More time is needed to complete “final infrastructure and extensive testing” to ensure a “safe and reliable railway” is delivered, according to Crossrail Limited. The train line, which has been decades in the planning, and will link west and east London with faster, high-capacity services, was due to open in December.
Services were due to begin running by the end of the year, but the central section between Paddington and Abbey Wood will not be opened until autumn 2019. But Crossrail executives admitted that it would not be ready for its planned official opening as the Elizabeth line by the Queen, after a series of problems and delays.
The rail minister, Jo Johnson, announced last month that the scheme’s budget had been increased from £14.8bn to 15.4bn due to “cost pressures”. It said the central section of the line, travelling under the capital from Paddington to Abbey Wood, would now not open until autumn 2019 to complete the building work and allow for extensive testing to ensure it opened as a safe and reliable railway.
The railway is known as Crossrail during the construction phase but will become the Elizabeth line once services begin.

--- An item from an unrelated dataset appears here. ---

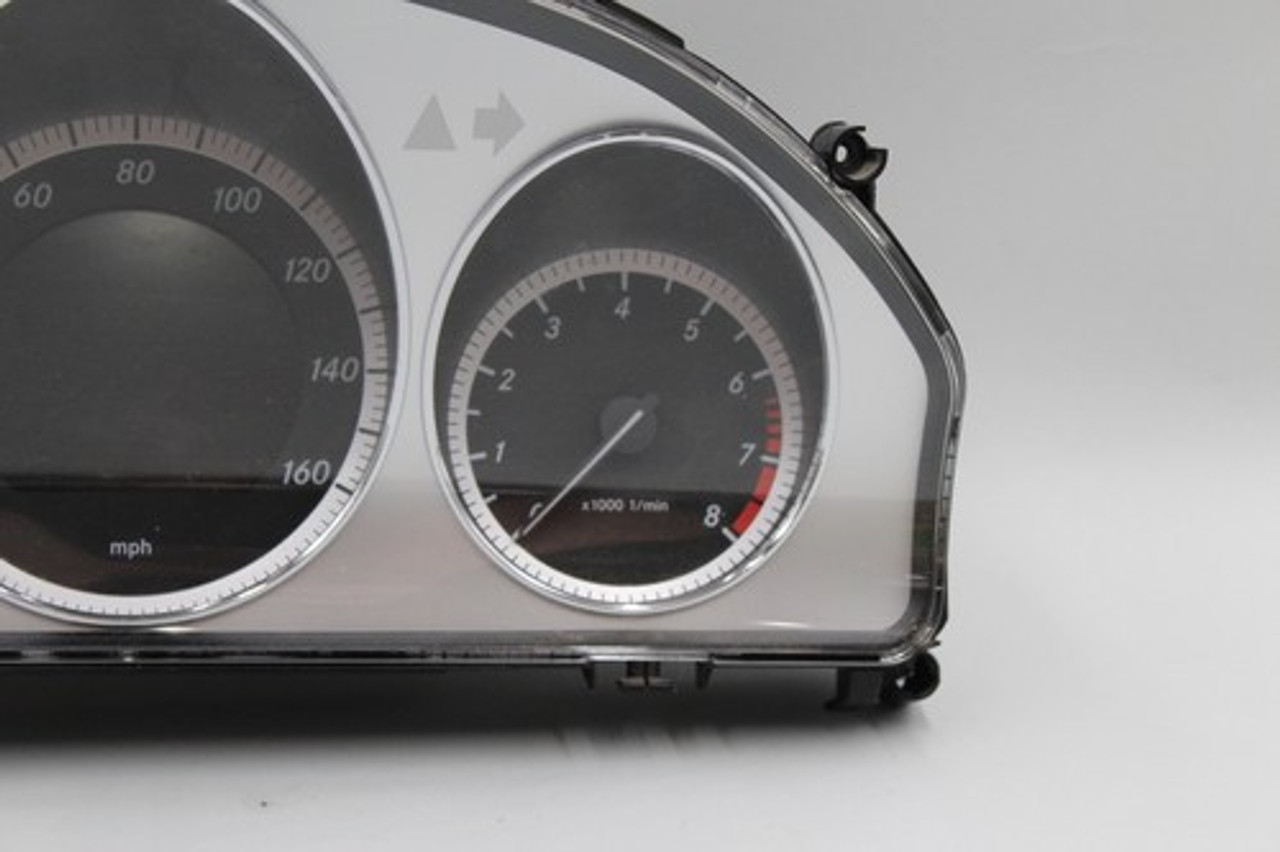 08 09 10 11 MERCEDES C300 C350 W204 INSTRUMENT CLUSTER GAUGE SPEEDOMETER OEM A2049003202 08 09 10 11 MERCEDES C300 C350 W204 INSTRUMENT CLUSTER GAUGE SPEEDOMETER OEM A2049003202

Critics accused the government of smuggling out bad news before the return of parliament and questioned why Crossrail executives had been rewarded with new jobs.
When it is fully opened, trains will run from Reading and Heathrow in the west through 13 miles of new tunnels to Shenfield and Abbey Wood in the east. Andrew Adonis, the former chair of the national infrastructure commission, said: “It’s clearly a further massive catastrophe for Chris Grayling, who didn’t say a word in public about the scale of the crisis. He himself moved Sir Terry Morgan to be chair of HS2 and that was soon after Andrew Wolstenholme, the chief executive, left.

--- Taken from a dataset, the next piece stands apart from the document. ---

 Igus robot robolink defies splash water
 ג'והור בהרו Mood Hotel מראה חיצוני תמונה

More details soon “The biggest infrastructure project in Europe, in a state of crisis, lost both its leaders with Grayling being Awol throughout. To me it’s utterly inexplicable. How can it give anyone confidence that HS2 will be delivered?”
Lord Adonis said that the full scale of the problems had yet to emerge, with the industry talking of major issues with signalling systems, and predicted that the opening could now be delayed until 2020.
Crossrail bosses, paid some of the largest salaries in the public sector, had long boasted that the long and complex project was being delivered on time and on budget, but earlier this summer the government and Transport for London were forced to increase the £14.8bn budget by another £650m. Design, construction and engineering has lasted 10 years with different infrastructure contracts, new trains and three signalling systems.
The Crossrail chief executive, Simon Wright, said:“The Elizabeth line is one of the most complex and challenging infrastructure projects ever undertaken in the UK and is now in its final stages. We have made huge progress with the delivery of this incredible project but we need further time to complete the testing of the new railway.
“We are working around the clock with our supply chain and Transport for London to complete and commission the Elizabeth line.”
Elizabeth line trains are operating already overground between Shenfield and Liverpool Street and between Paddington and Hayes and Harlington. Crossrail said construction activity was drawing to a close: an assessment in June said the project was 93% complete.
An electrical explosion in east London earlier this year exacerbated construction problems and caused further delays, but Crossrail had maintained until now that the December opening remained possible.
The Elizabeth line should eventually boost the space for passengers to travel through central London by 10%. The line will link the West End with Heathrow and Canary Wharf and serve suburbs in the east and west, and more than 200 million passengers are expected to use it every year.